Our Cadham practice is open for pre booked appointments only.
Please call Kirkcaldy or Cos Lane to arrange an appointment for our Cadham practice.

 

To book an appointment or to access one of our services, please contact us. To reduce the spread of COVID-19 and maintain social distancing, the practice team will take your pet inside and provide you with updates via phone. Please click here to find out more.

Unless you are planning to breed from your kitten we encourage you to have him/her neutered.

Cat Neutering

Unless your pet is to be used for breeding purposes, we recommend neutering your cat at around six months of age. This entails castrating male cats and spaying (ovariohysterectomy) queens.

Unspayed females over this age are very likely to become pregnant if going outdoors or be continuously in and out of call (season) if kept indoors - this can be very distressing for both cat and owner.

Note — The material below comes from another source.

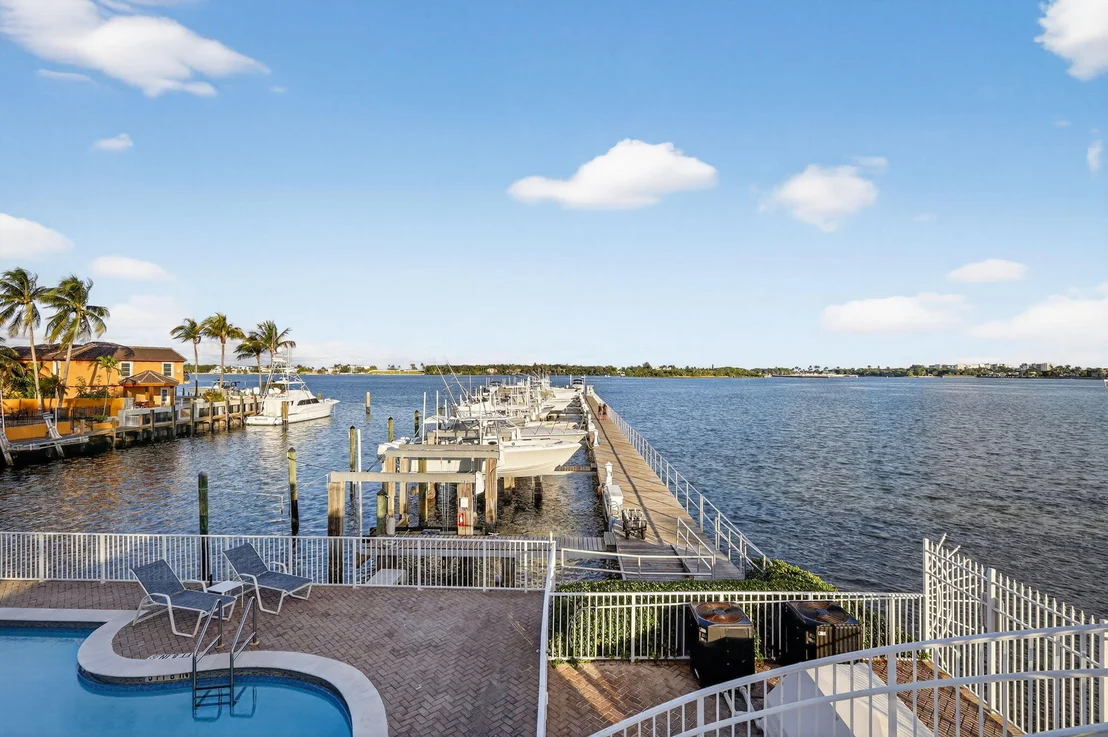Photo of 115 Harbors Way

Male cats which are left entire are likely to urinate (spray) in the house to mark their territory. They will also roam a lot further than castrated males therefore increasing the risk of road traffic accidents and cat fight injuries.

Male and female cats will require a short general anaesthetic for the procedure and are able to go home later on the same day as the surgery. Neither male nor female cats will have skin sutures after their operation. We are able to perform cat neutering at our Kirkcaldy, Glenrothes (Cos Lane) and Leven surgeries. Please just give the surgeries a call to arrange a date and our receptionists will give you all the necessary details.

Cat Worming

We will recommend worming your new kitten at their primary vaccination appointments and will give you information then about future worming protocols. As a general rule, cats going outdoors should be wormed every 3 months with a product effective against all commonly encountered worms.

It is particularly important to regularly worm cats that are hunters. These cats are much more likely to be infested with tapeworm, seen as ‘rice grain’ segments at the cat's anus or in its faeces. Since fleas can carry the intermediate stage of some tapeworms a cat can become infested after ingesting a flea during grooming.

It is therefore very important to ensure an adequate flea control program is also in place in order to minimise the risk of worm problems.